Q. Is de frequentie van (bezoek) (telefoon) (vakantie) veranderd?
Q. Wat is er veranderd?
Q. Wanneer is dat veranderd?
Q. Hoe is het veranderd?
Q. Moedigt u bezoek aan?
Q. Wat doet u om bezoek aan te moedigen?
Q. Wat zijn uw plannen en voornemens voor de toekomst? Bent u van plan te verhuizen?
Q. Waarom?
Q. Is er een hangende voogdijbeschikking?
Q. Wat is de datum?
Q. Wat staat erin?
Q. Heeft uw echtgenoot daaraan voldaan?
Q. Hoe heeft uw echtgenoot zich er niet aan gehouden?

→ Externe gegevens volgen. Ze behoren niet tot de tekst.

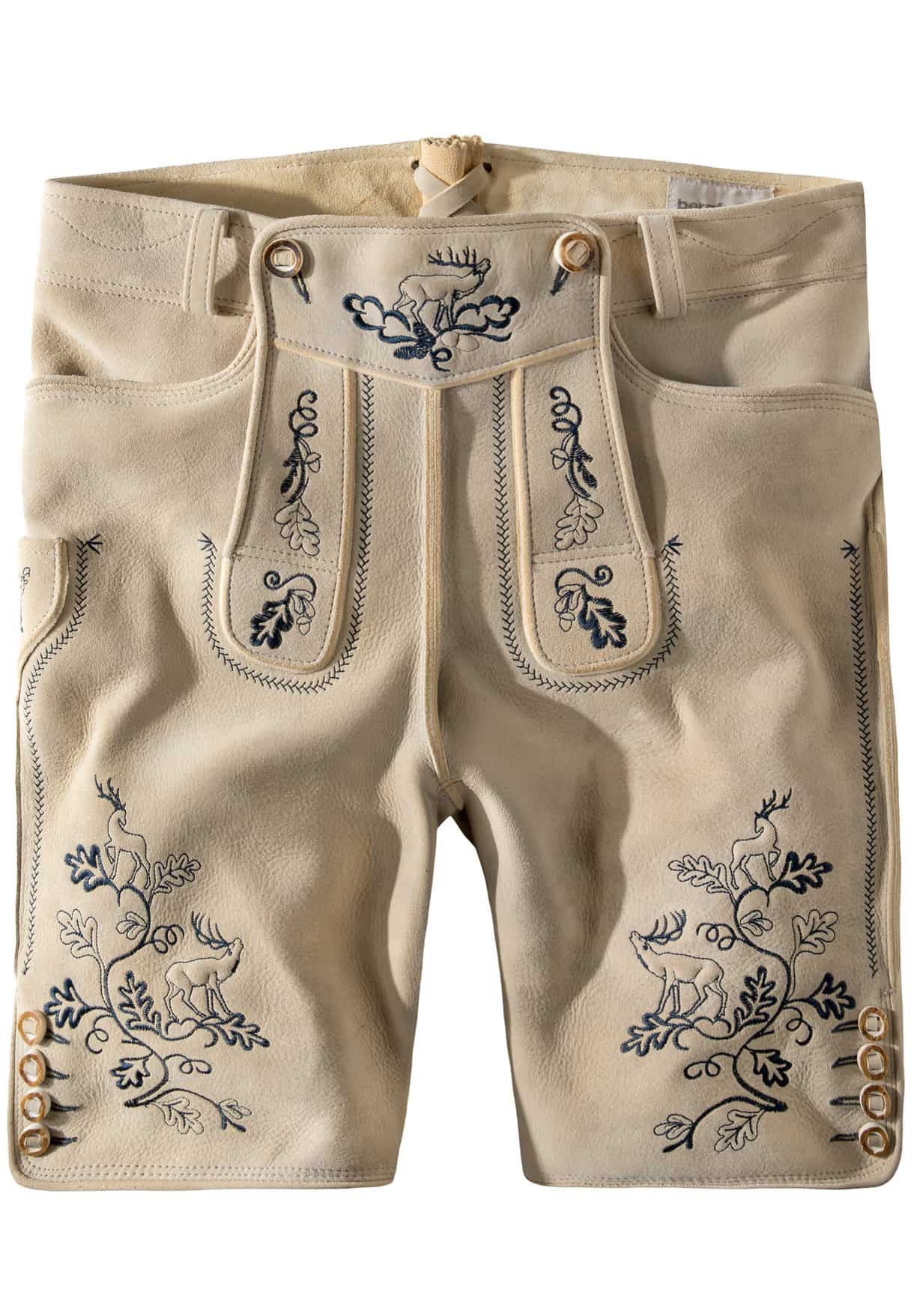 Säm. gegerb. Lederhose Hias (oid sand-blau) von Stockerpoint Bergfeuer für Herren, Lederhosen, 100% sämisch gegerbtes Leder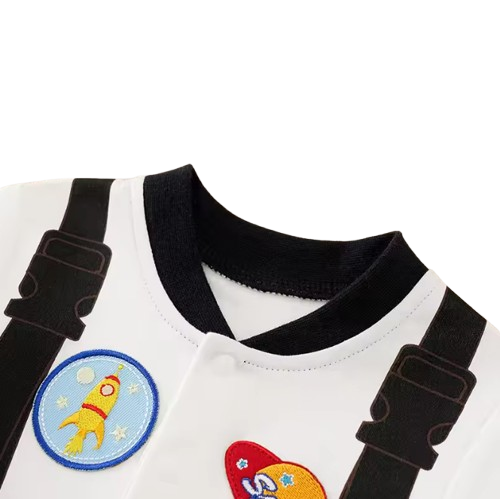 The Cristian - Baby Boy Astronaut Inspired Cotton Long Sleeve Romper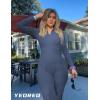 imageYEOREO Women Long Sleeve Workout Jumpsuit Zip Up Romper Bottom Pants Bodysuit Bodycon Sexy One PieceNavy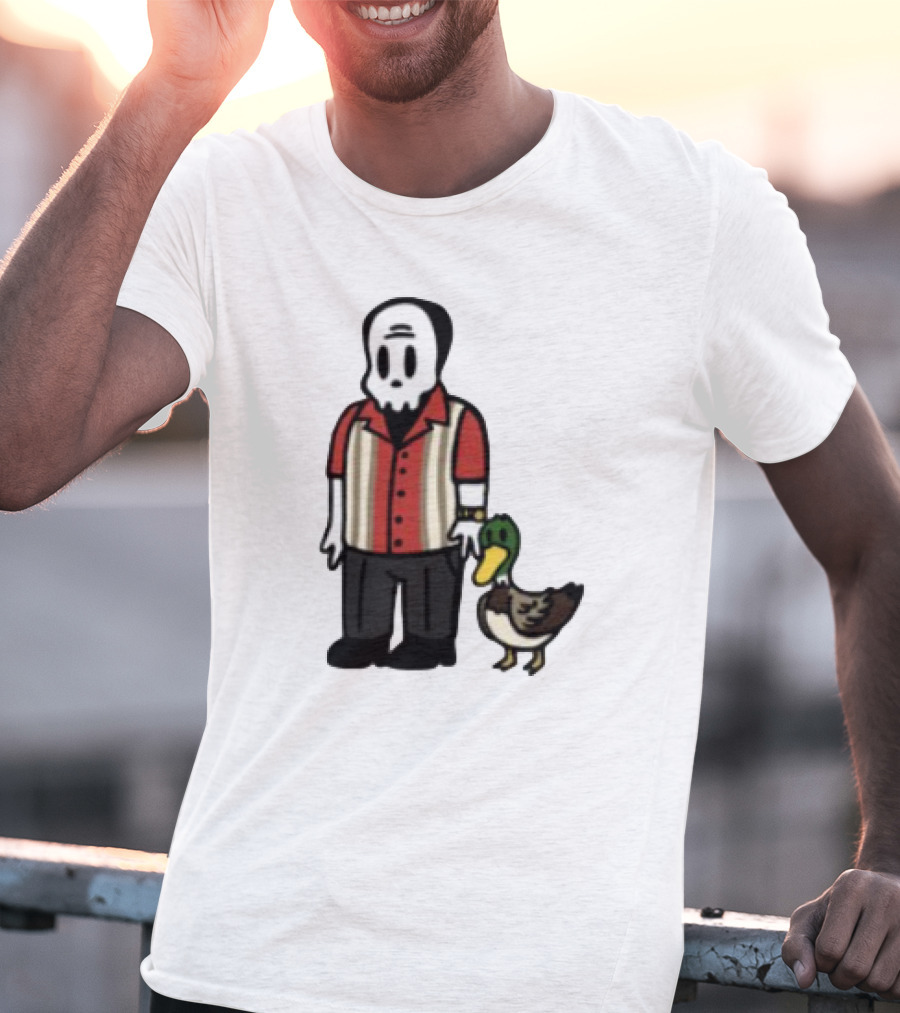 Warren Lotas Skull Character With Duck Companion Bowling Style Outfit T-Shirt
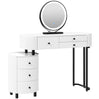 BukkitBow kaptafel met LED-verlichting, draaibare spiegel, zijkast en drie lichtkleuren voor make-up en slaapkamer gebruik.
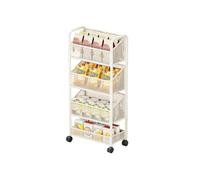 Dexinhdh Espositore Per Snack Con Ruote, Espositore Per Cestini Portafrutta E Verdura, Design Con Cestello In Rete A Copertura Totale, Espositore Per Snack Da Scaffale(White,4-layer)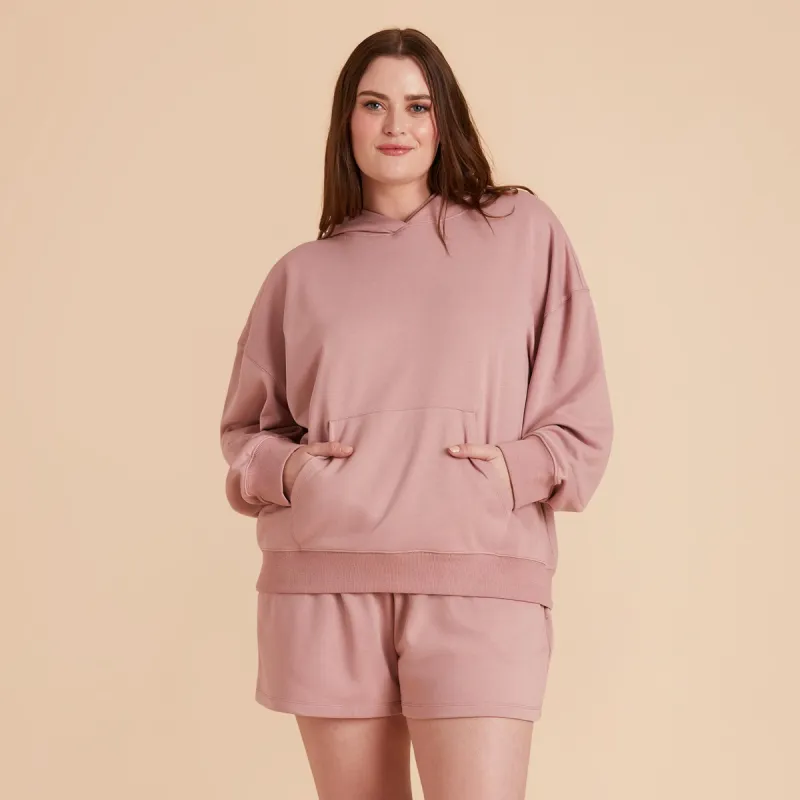 Pauly Oversized Hoodie and Shorts Set - Dark Mauve sold by Birdy Grey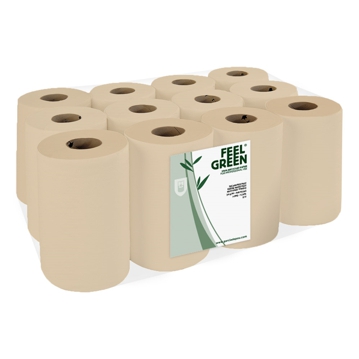 Rolo Mini Seca Mos 2 Folhas Tissue Reciclado Natural 56m 12 un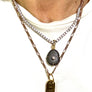 Eclipse Pendant – Handmade Black Stone with Crystal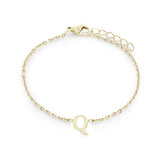 Gold IP Stainless Steel Block Initial Bracelet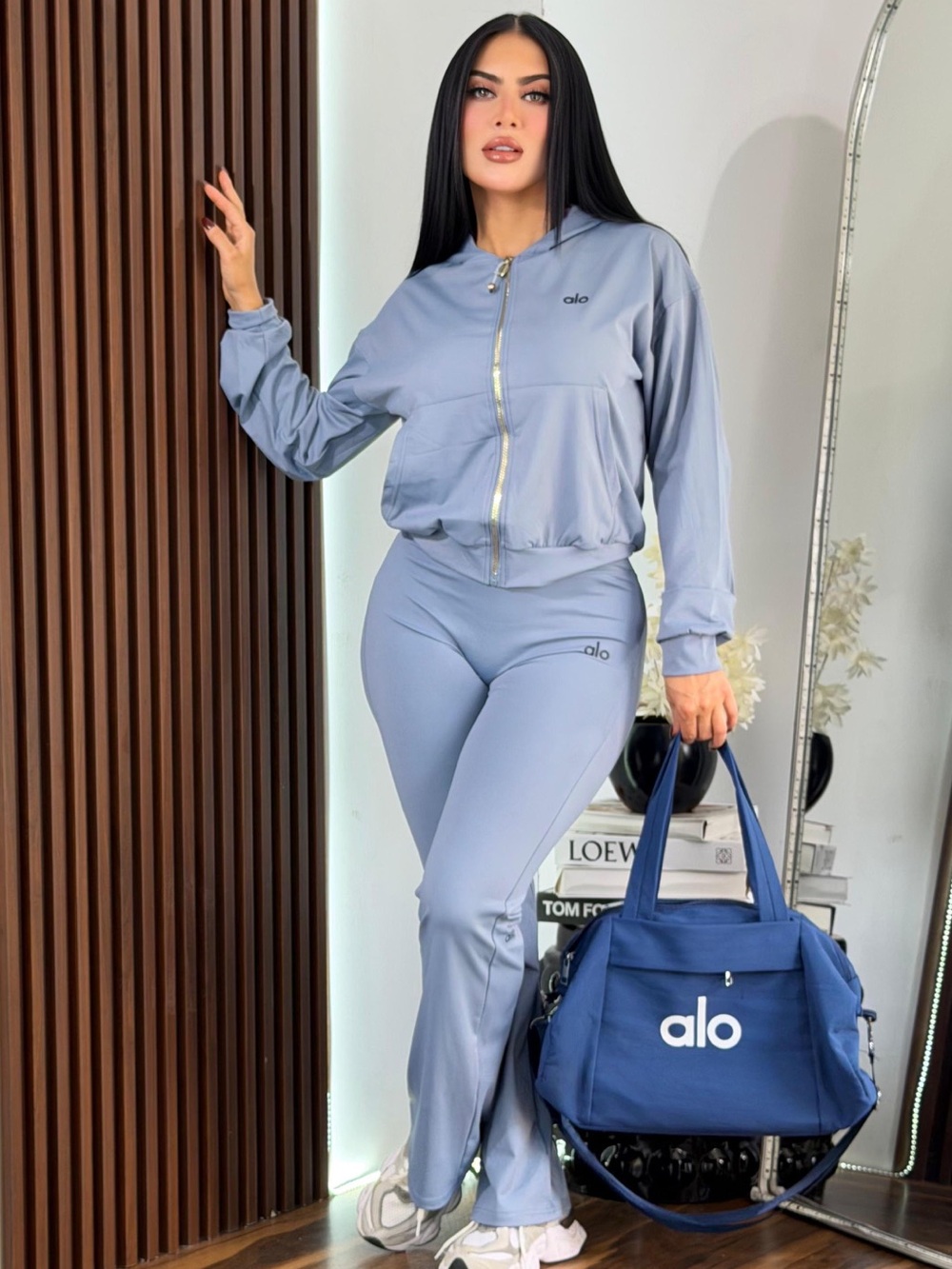 ALO Yoga Women's Light Blue Zip Hoodie & High-Rise Track Pants Set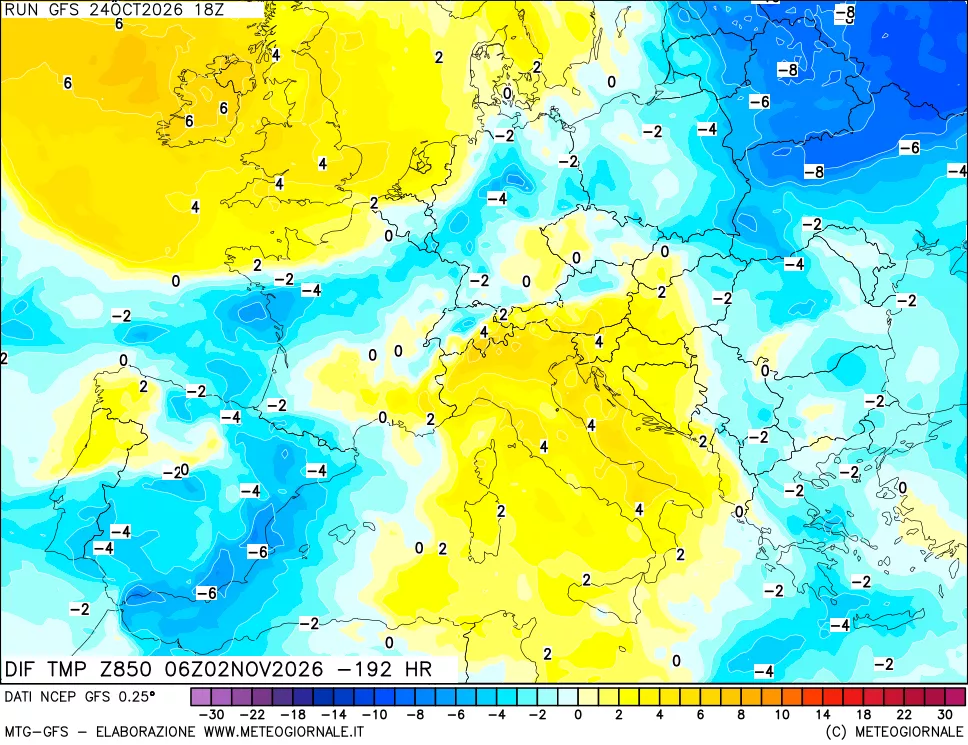 mappa Dif. Temp a 850 hPa Valid - Init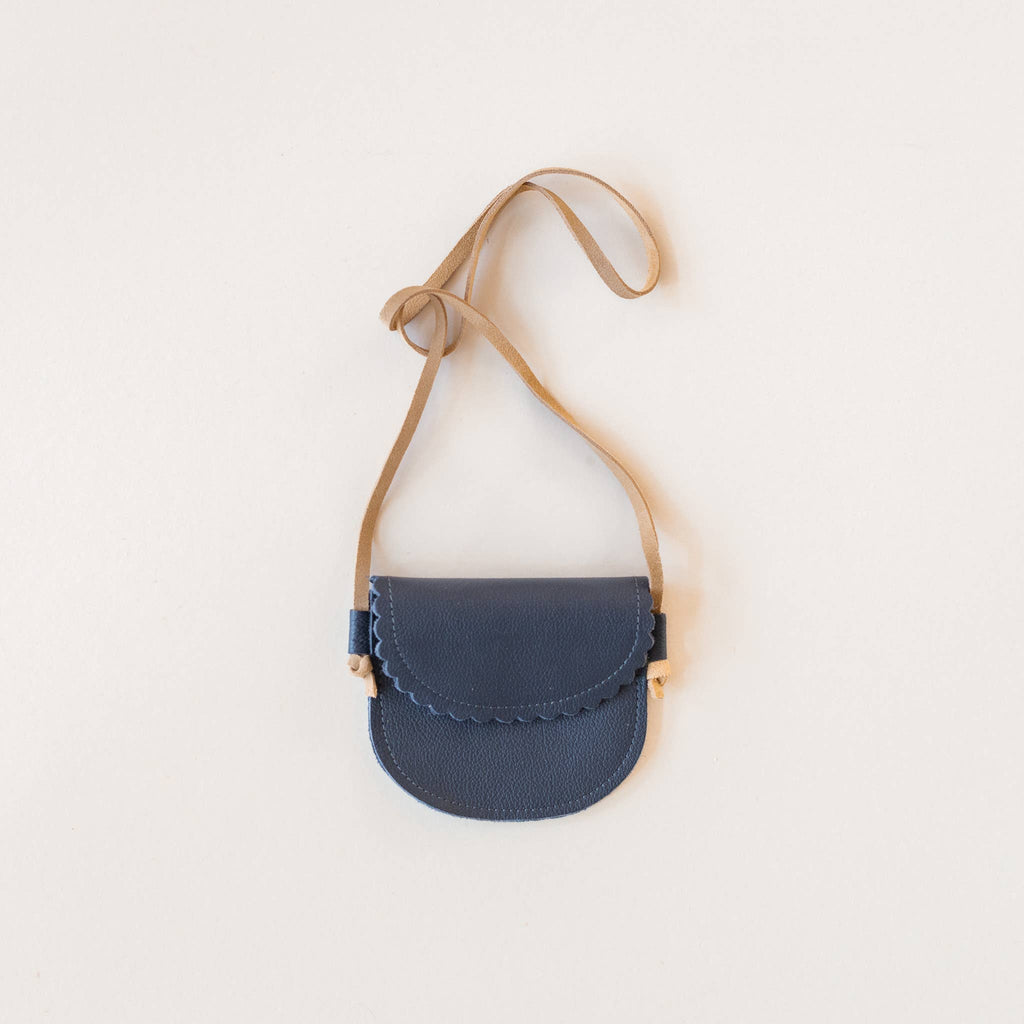 Little Girl Scalloped Leather Purse in Navy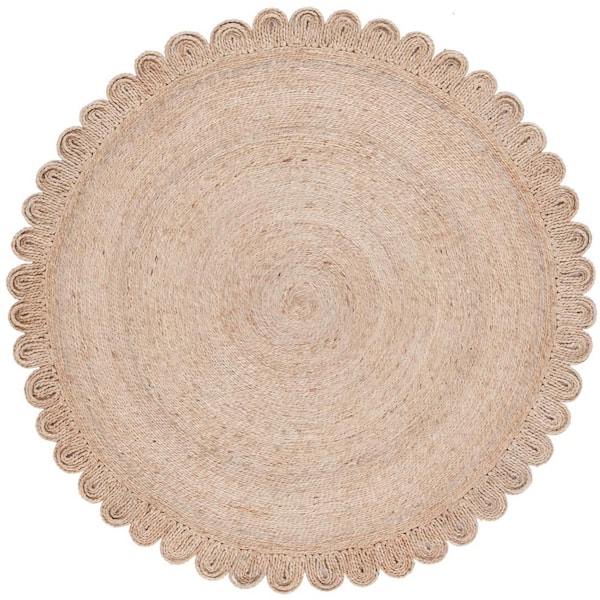 SAFAVIEH Natural Fiber Beige 5 ft. x 5 ft. Woven Border Round Area Rug ...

40-15. Ongepast gedrag/huiselijk geweld
(Door raadsman)
Q. Heeft uw echtgenoot zich ooit ongepast gedragen in het bijzijn van uw kind(eren)?
Q. Wanneer?
Q. Kunt u het voorval of de voorvallen beschrijven?
Q. Heeft uw echtgenoot ooit huiselijk geweld gepleegd?
Q. Wanneer?
Q. Kunt u het voorval of de voorvallen beschrijven?
40-16. Houdt u van uw kind
(Door raadsman)
Q. Wat vindt u van uw kind?
Q. Waarom wilt u dat de rechtbank u het hoederecht toekent?
Q. Als u het gezag krijgt toegewezen, moedigt u dan communicatie aan? Als u het hoederecht krijgt toegewezen, moedigt u dan bezoek aan? Welk bezoekrecht zou u aan uw echtgenoot willen toekennen?
(Door raadsman)
Ik heb geen verdere vragen aan deze getuige, Edelachtbare.